═════ DATA ═════

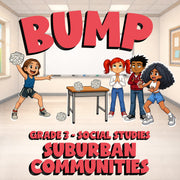 Suburban Communities BUMP Socials Game - No Prep Grade 3 Review Activity
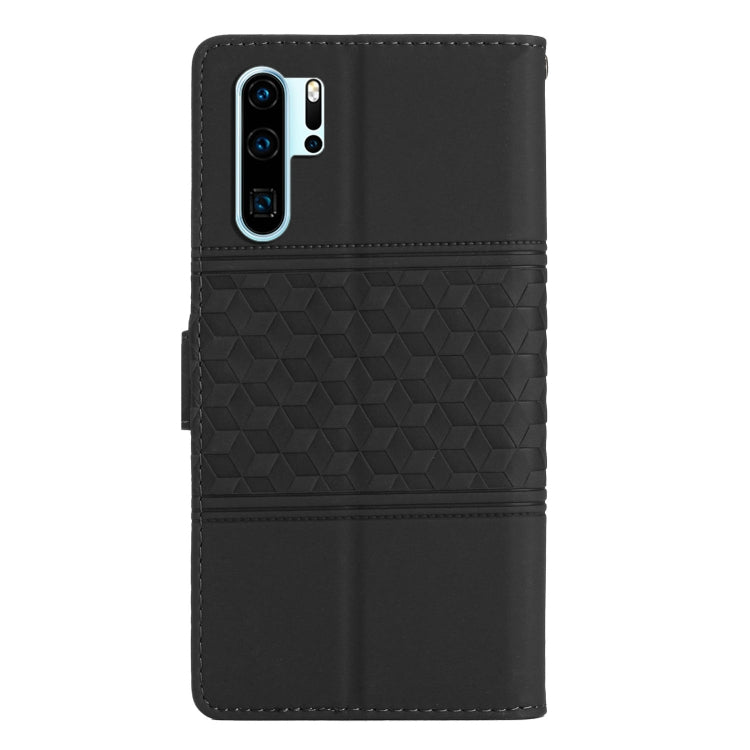 For Huawei P30 Pro Diamond Embossed Skin Feel Leather Phone Case with Lanyard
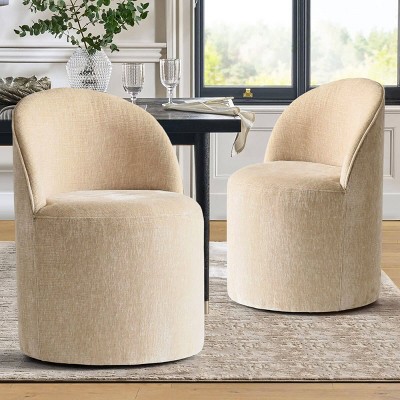 Modern Dining Chairs Set of 2 Chenille Upholstered Dining Chair with Wheels Round Dining Room Chair for Kitchen,Dining Room -Tanpinhause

═════

Your reply should hold only the lines running from the one with "For Huawei P30" to the end of the data above, set down exactly, pictures omitted.

 For Huawei P30 Pro Diamond Embossed Skin Feel Leather Phone Case with Lanyard
 Modern Dining Chairs Set of 2 Chenille Upholstered Dining Chair with Wheels Round Dining Room Chair for Kitchen,Dining Room -Tanpinhause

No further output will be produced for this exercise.